Records supplied
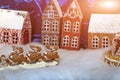 Gingerbread houses, winter composition , products made of gingerbread Royalty Free Stock Photo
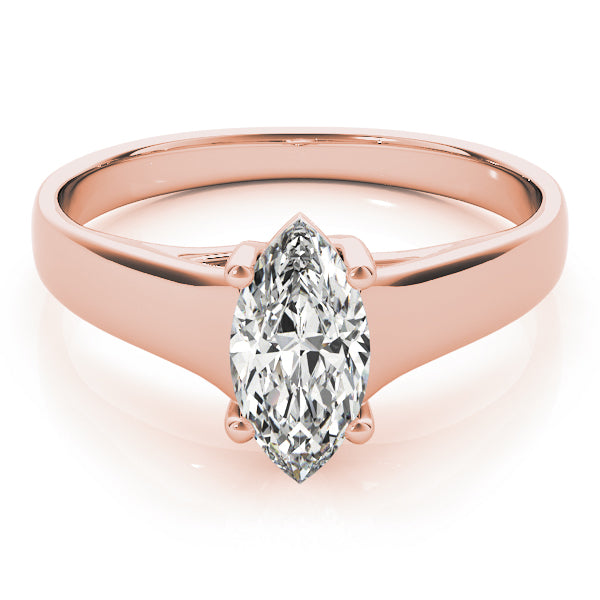 Romantic Solitaires Any Shape Marquise Diamond Engagement Ring — 9K/18K Gold & Platinum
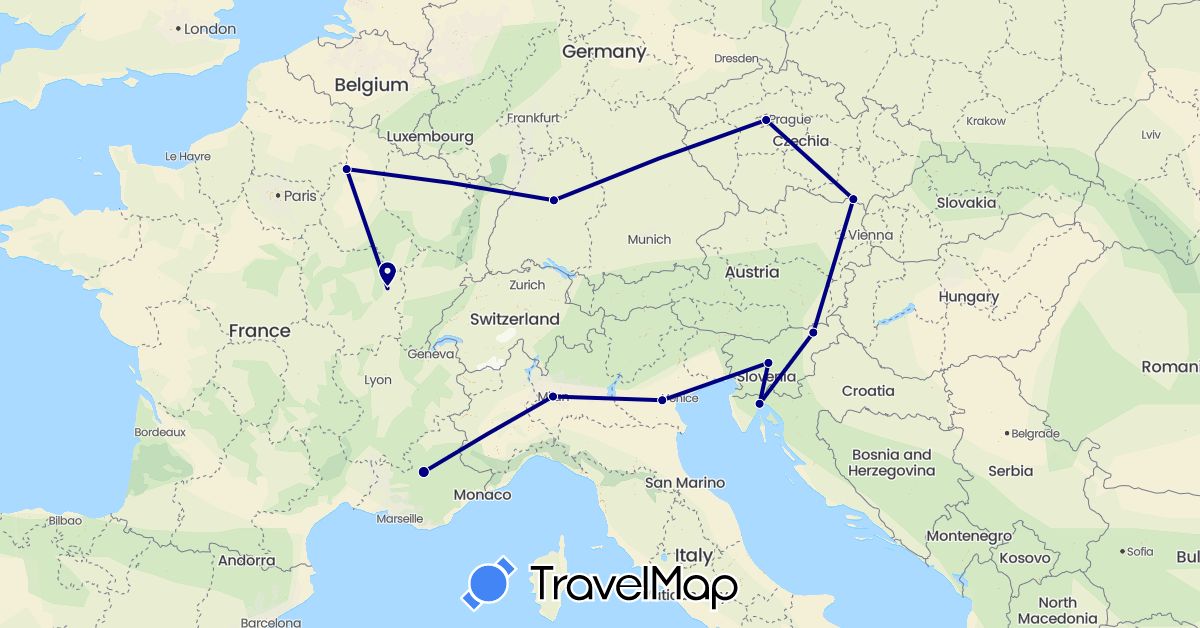 TravelMap itinerary: driving in Czech Republic, Germany, France, Croatia, Italy, Slovenia (Europe)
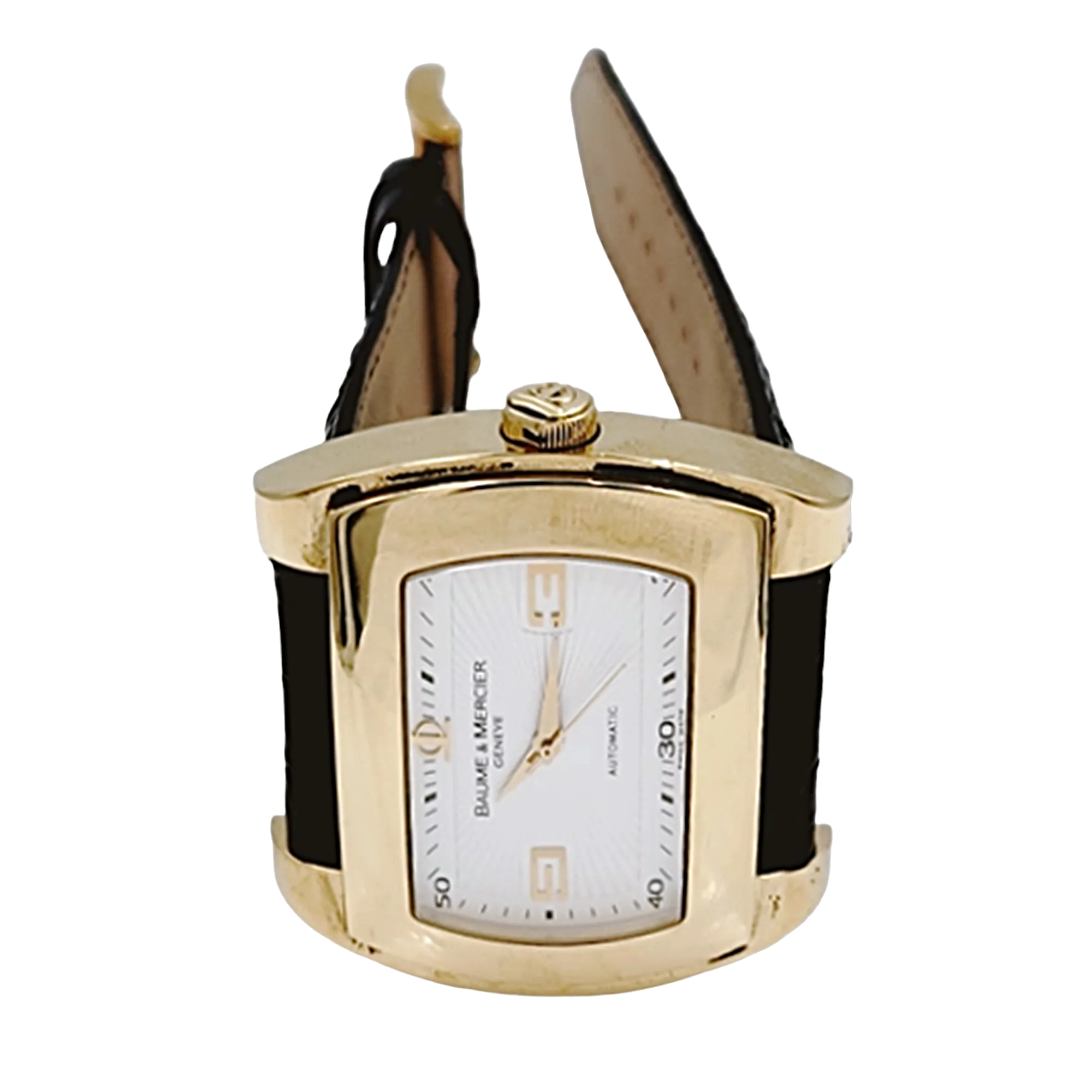 Men's Baume & Mercier 38mm x 42mm Hampton 18K Solid Yellow Gold Automatic Watch with Black Leather Band and Silver Dial. (Pre-Owned)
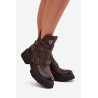 Odiniai odiniai izoliuoti moteriški batai su sagtimis ir dekoratyviniu detalu Zazoo 60482 šokoladas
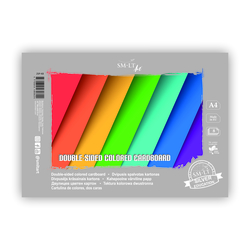 Kartons Silver, tonēts A4, divpusējs, asorti, 190 g/m², 8 loksnes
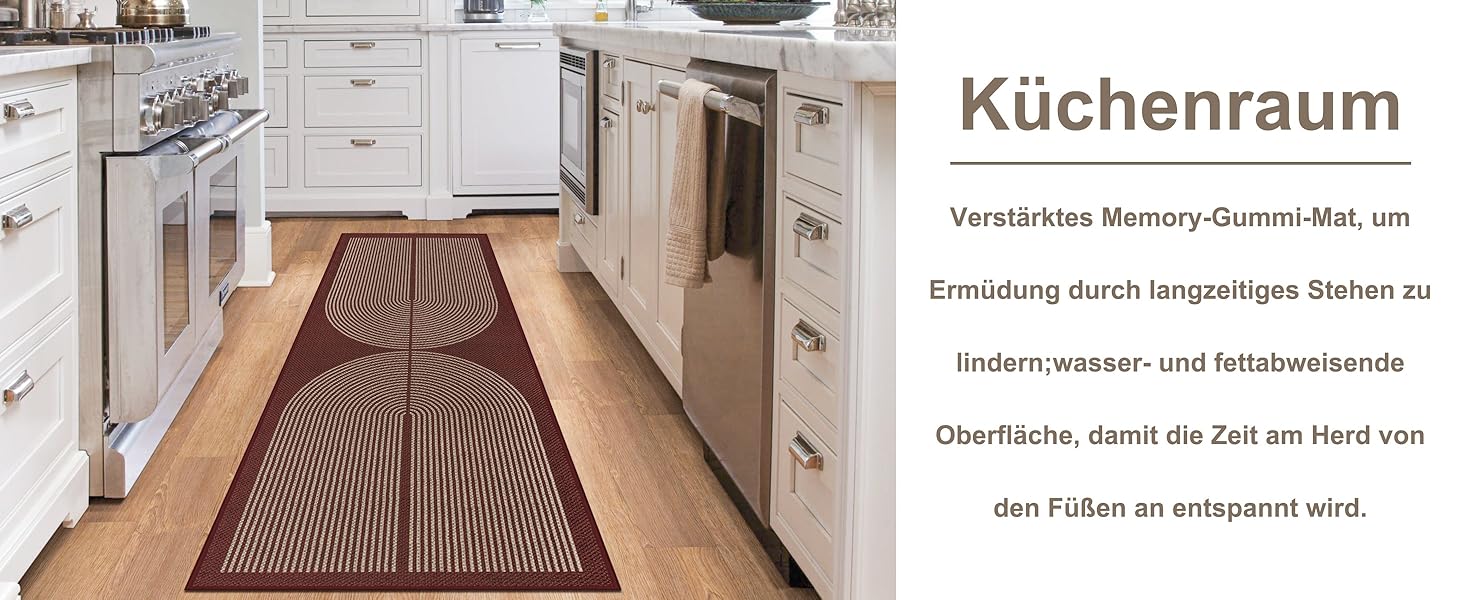 Килимок для підлоги/коридору 80x200 см з джуту, кухонний килимок, миючий, неслизький, для кухні, спальні, балкону (червоний)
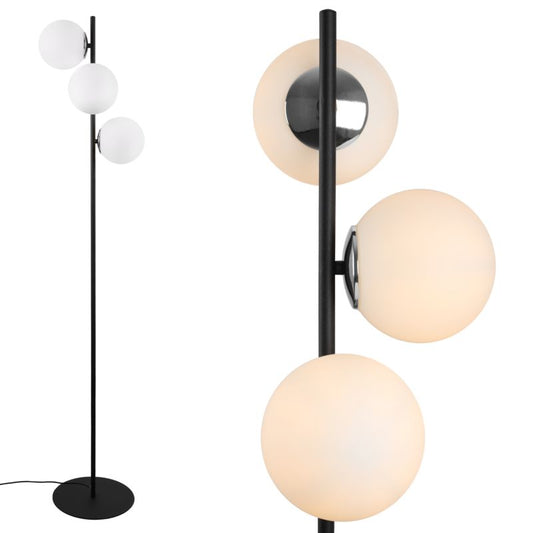 Gulvlampe Light Home LH Siena 3x E27 60W sort/krom med hvid skærm 1 stk.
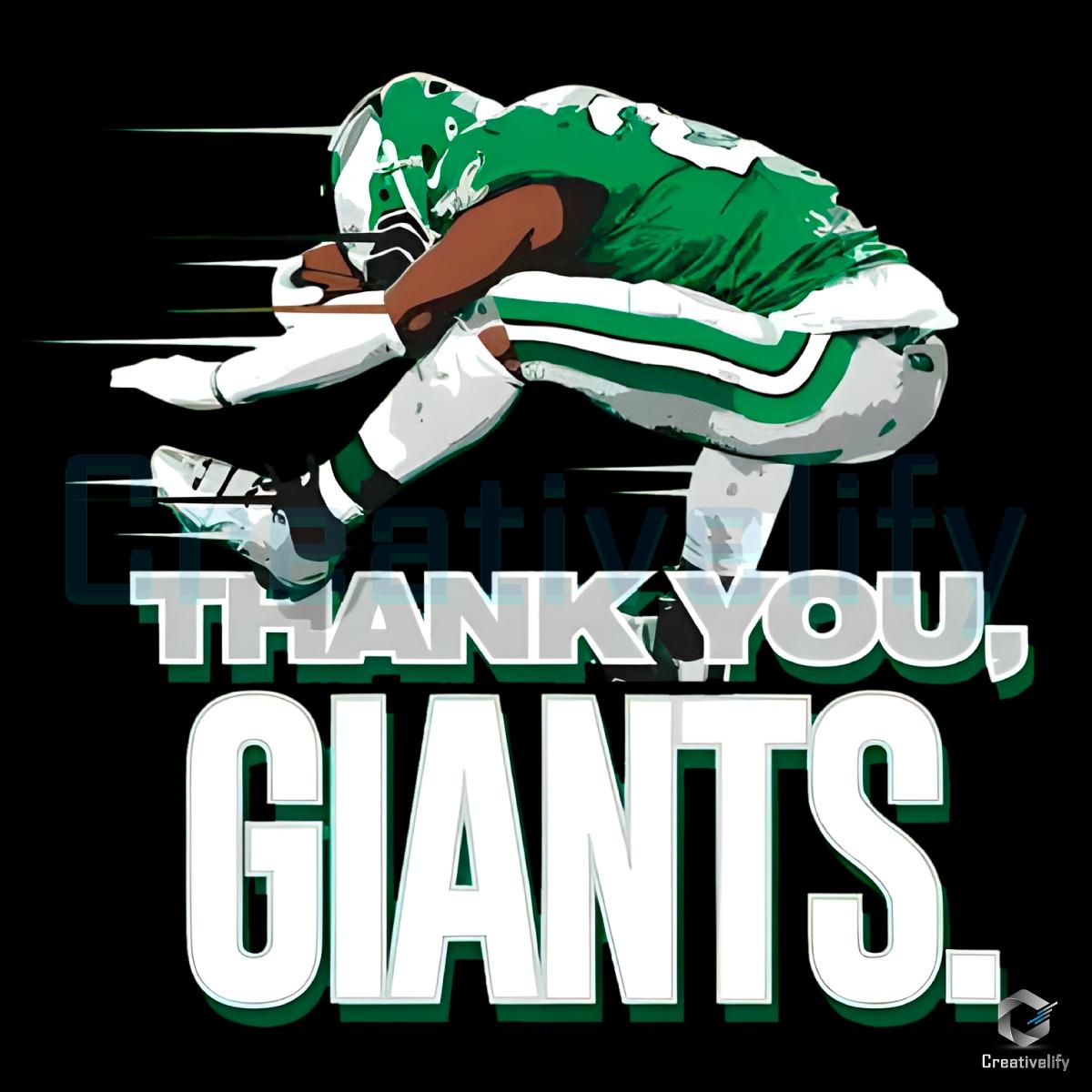 Thank You Giants Saquon Barkley Backwards Hurdle Png - CreativeLify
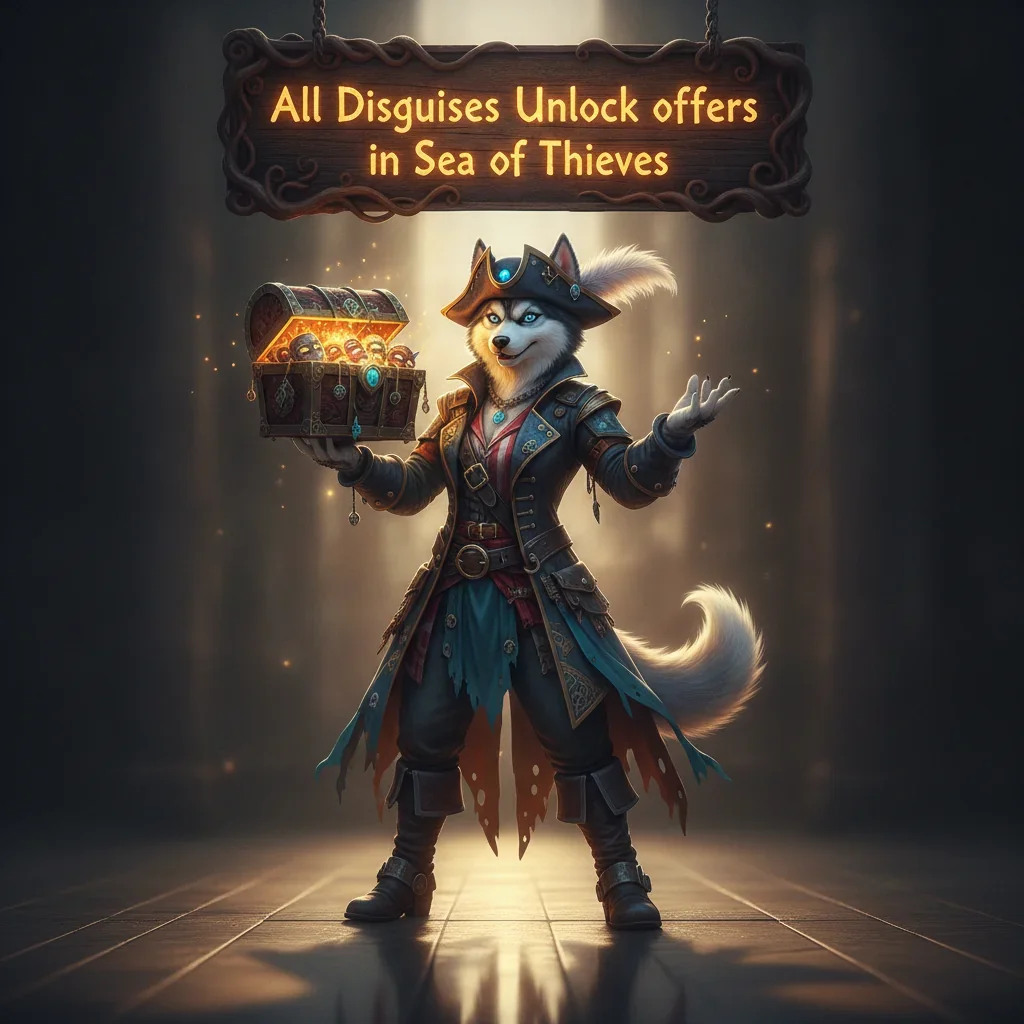 Fantasy artwork of an anthropomorphic husky character related to Sea of Thieves disguises.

Directions
Your answer must be every record above, word for word, with no pictures.

Your response
 Gingerbread houses, winter composition , products made of gingerbread Royalty Free Stock Photo
 Romantic Solitaires Any Shape Marquise Diamond Engagement Ring — 9K/18K Gold & Platinum
 TravelMap itinerary: driving in Czech Republic, Germany, France, Croatia, Italy, Slovenia (Europe)
 Men's Baume & Mercier 38mm x 42mm Hampton 18K Solid Yellow Gold Automatic Watch with Black Leather Band and Silver Dial. (Pre-Owned)
 Odiniai odiniai izoliuoti moteriški batai su sagtimis ir dekoratyviniu detalu Zazoo 60482 šokoladas
 Kartons Silver, tonēts A4, divpusējs, asorti, 190 g/m², 8 loksnes
 Килимок для підлоги/коридору 80x200 см з джуту, кухонний килимок, миючий, неслизький, для кухні, спальні, балкону (червоний)
 Gulvlampe Light Home LH Siena 3x E27 60W sort/krom med hvid skærm 1 stk.
 Thank You Giants Saquon Barkley Backwards Hurdle Png - CreativeLify
 Fantasy artwork of an anthropomorphic husky character related to Sea of Thieves disguises.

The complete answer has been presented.